AI Decision Support System Reduces Recurrent Stroke Events in Major Chinese Trial

An AI clinical decision support system reduced recurrent vascular events after acute ischemic stroke in a large Chinese trial. It improved care quality and lowered mortality over 12 months.

Categorized in: AI News Healthcare Management
Published on: May 31, 2025
AI Decision Support System Reduces Recurrent Stroke Events in Major Chinese Trial

AI Tool Linked to Fewer Recurrent Events After Stroke

An artificial intelligence (AI)–based clinical decision support system has shown promising results in improving acute ischemic stroke treatment. A recent randomized trial involving over 20,000 patients in China found that this AI tool helped reduce recurrent vascular events significantly compared to usual care.

The AI system combines clinician input with hospital records and imaging data to guide patient management, focusing on stroke cause and secondary prevention. This approach aims to support doctors in making quicker, evidence-based decisions during critical moments of stroke care.

Trial Overview and Key Results

The GOLDEN BRIDGE II trial, conducted from January 2021 to June 2023 across 77 hospitals in China, tested the AI system’s effectiveness. Hospitals were randomly assigned to either implement the AI tool or continue standard care. The AI provided automated MRI lesion detection, stroke subtype classification, and guideline-based treatment recommendations in real time.

The study enrolled 21,603 patients (median age 67, 35% women) with acute ischemic stroke, with 96% completing a 12-month follow-up.

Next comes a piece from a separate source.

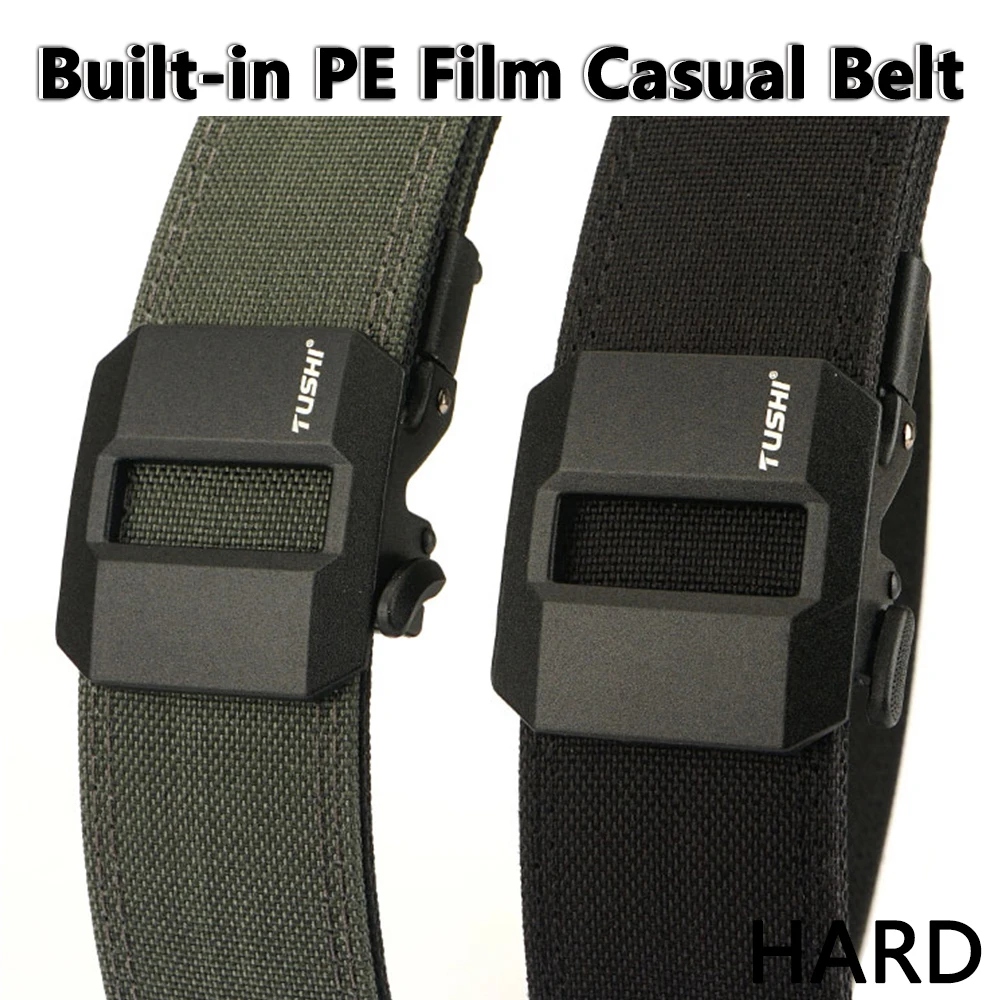 ALPTACTICS Hard Tactical Belt for Men Metal Automatic Buckle IPSC Gun Belt 1100D Nylon Military Belt Outdoor Sports Girdle Male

The main measure was the occurrence of new vascular events—such as ischemic stroke, hemorrhagic stroke, heart attack, or vascular death—at 3 months post-stroke.

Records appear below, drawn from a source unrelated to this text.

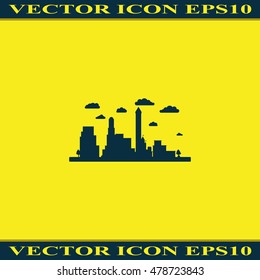 City silhouette icon.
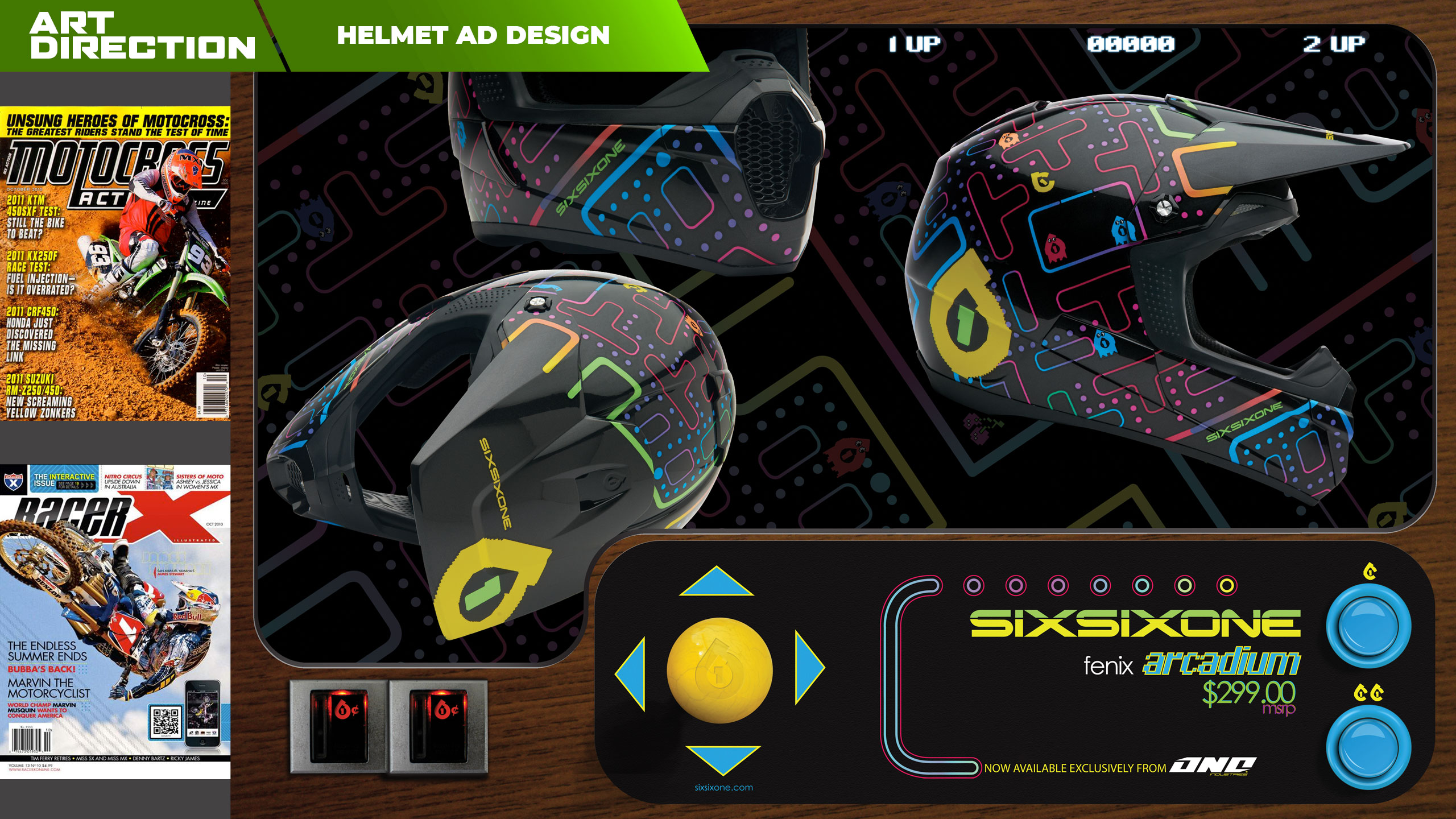 SixSixOne Arcadium Helmet Ad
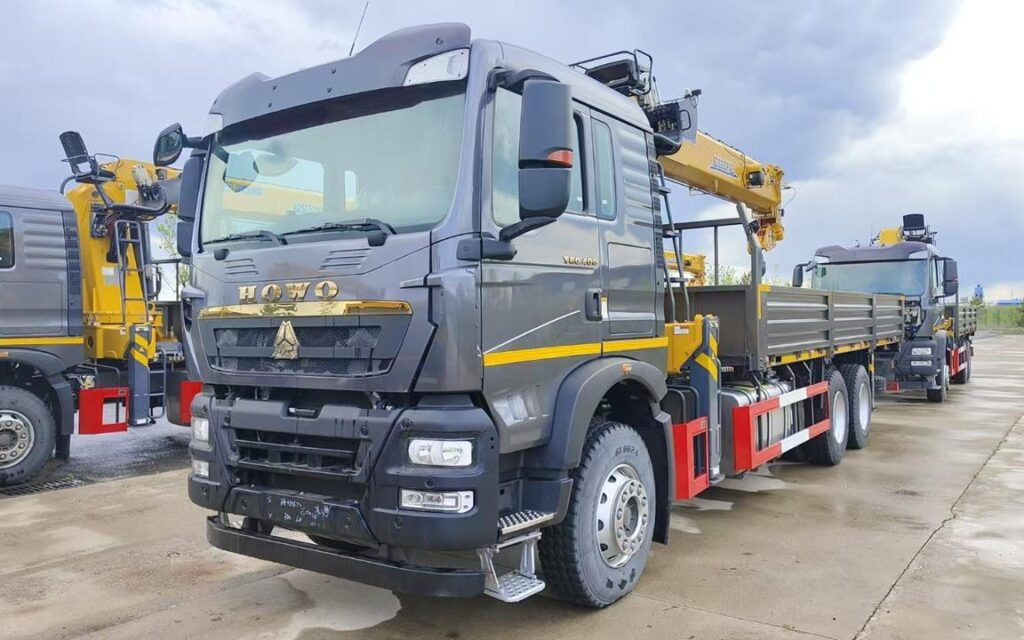 Бортовой грузовик/ Платформа, Автоманипулятор Бортовой грузовик Howo T5G с КМУ XCMG SQS350, 2025: фото 8 Бортовой грузовик/ Платформа, Автоманипулятор Бортовой грузовик Howo T5G с КМУ XCMG SQS350, 2025: фото 8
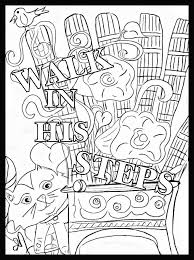 Network analysis using wireshark 2 cookbook: Walk In His Steps Coloring Page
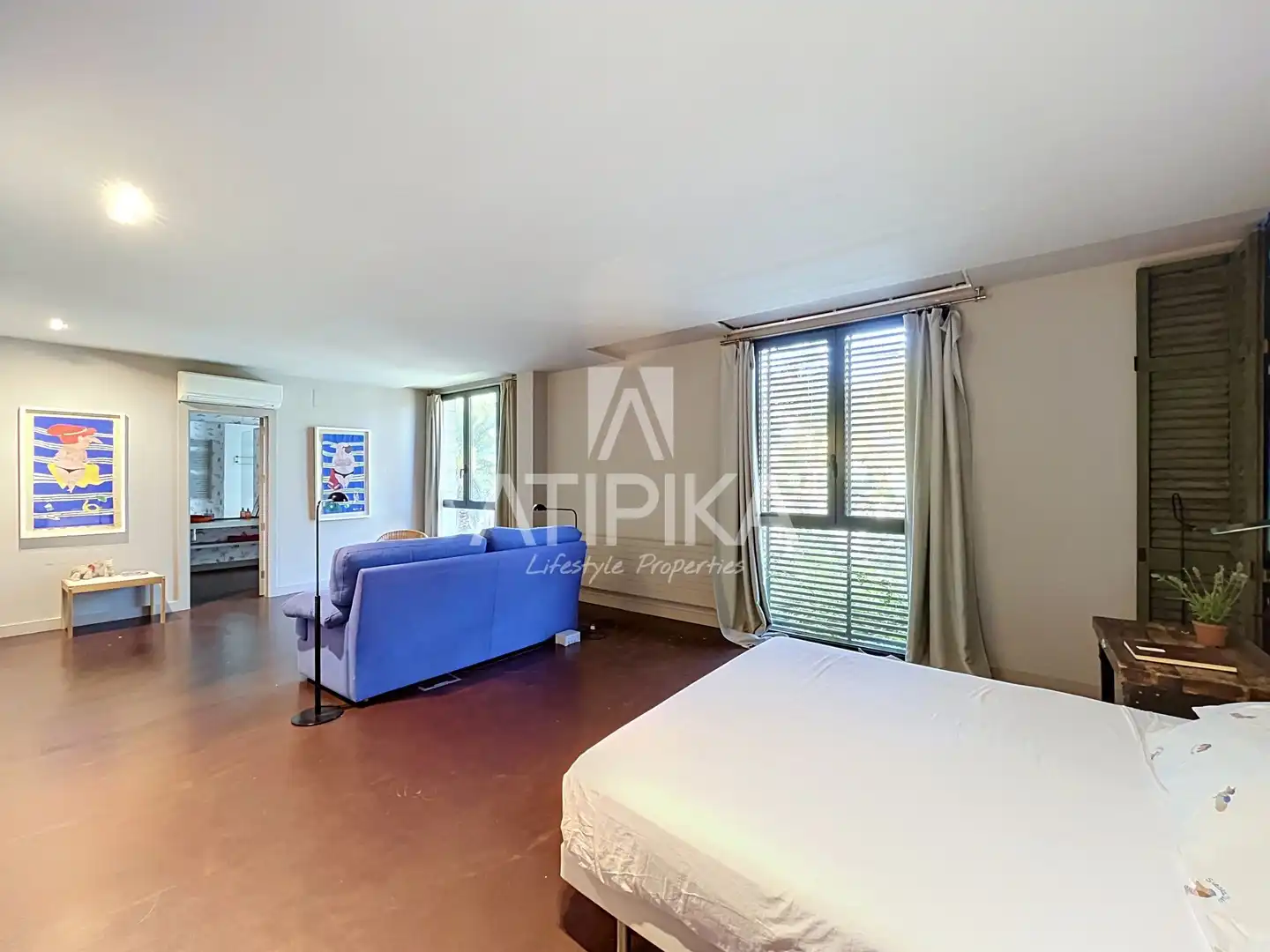 Dormitori de Casa o xalet de lloguer en Sitges amb Aire condicionat, Terrassa i Piscina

Results showed a clear benefit for the AI-supported care group:

  • Recurrent vascular events at 3 months: 2.9% (AI group) vs 3.9% (control), adjusted hazard ratio (aHR) 0.71, P < .001
  • At 6 months: 3.4% vs 4.8%, aHR 0.70, P < .001
  • At 12 months: 4.0% vs 5.5%, aHR 0.70, P < .001

The AI tool was also linked to lower all-cause mortality at 6 months (2.0% vs 2.3%; aHR 0.78, P = .007) and 12 months (3.0% vs 3.5%; aHR 0.77, P < .001). Additionally, hospitals using the AI system achieved higher quality scores for acute ischemic stroke care.

Expert Perspectives and Considerations

While the trial provides strong evidence for AI’s potential in stroke management, experts urge caution before adopting this technology broadly. The study was based on Chinese stroke guidelines, which differ from those used in Europe and the US. Replicating the trial in Western healthcare settings is necessary to confirm if similar benefits occur with other clinical protocols.

Some neurologists pointed out that the trial doesn’t clarify the exact mechanisms behind the improved outcomes. Whether the AI’s impact came from better imaging analysis, improved guideline adherence, or more precise stroke subtype classification remains unclear. More detailed data would help target further improvements.

Another concern is the cluster randomized design, which allows for variations in care quality between hospitals. Despite this, the large scale and real-world setting of the study strengthen its findings.

Challenges to Clinical Integration

Experts also highlighted practical challenges in integrating AI tools into daily clinical workflows. Maintaining and updating AI algorithms to keep pace with evolving medical knowledge is a key obstacle. Unlike static clinical trials, real-time monitoring is needed to ensure AI recommendations remain accurate and safe as guidelines change.

There is also a need to ensure training data diversity to avoid amplifying biases inherent in AI models. Future AI developments may include interactive, real-time user feedback and reinforcement learning, which could enhance clinical utility.

What This Means for Healthcare Management

Healthcare leaders should watch the progress of AI clinical decision support systems closely. The GOLDEN BRIDGE II trial demonstrates that AI can contribute to improved patient outcomes, provided the technology is validated within local guideline frameworks and clinical environments.

Implementing AI tools successfully will require investment in infrastructure, clinician training, and ongoing performance evaluation. For managers interested in AI applications in healthcare, exploring courses on AI implementation and management can provide valuable insights. Resources like Complete AI Training’s healthcare management courses offer practical guidance on integrating AI in clinical settings.

As AI continues to evolve, its role in stroke care and beyond will depend on rigorous validation, transparent reporting, and adaptable clinical workflows that prioritize patient safety and outcomes.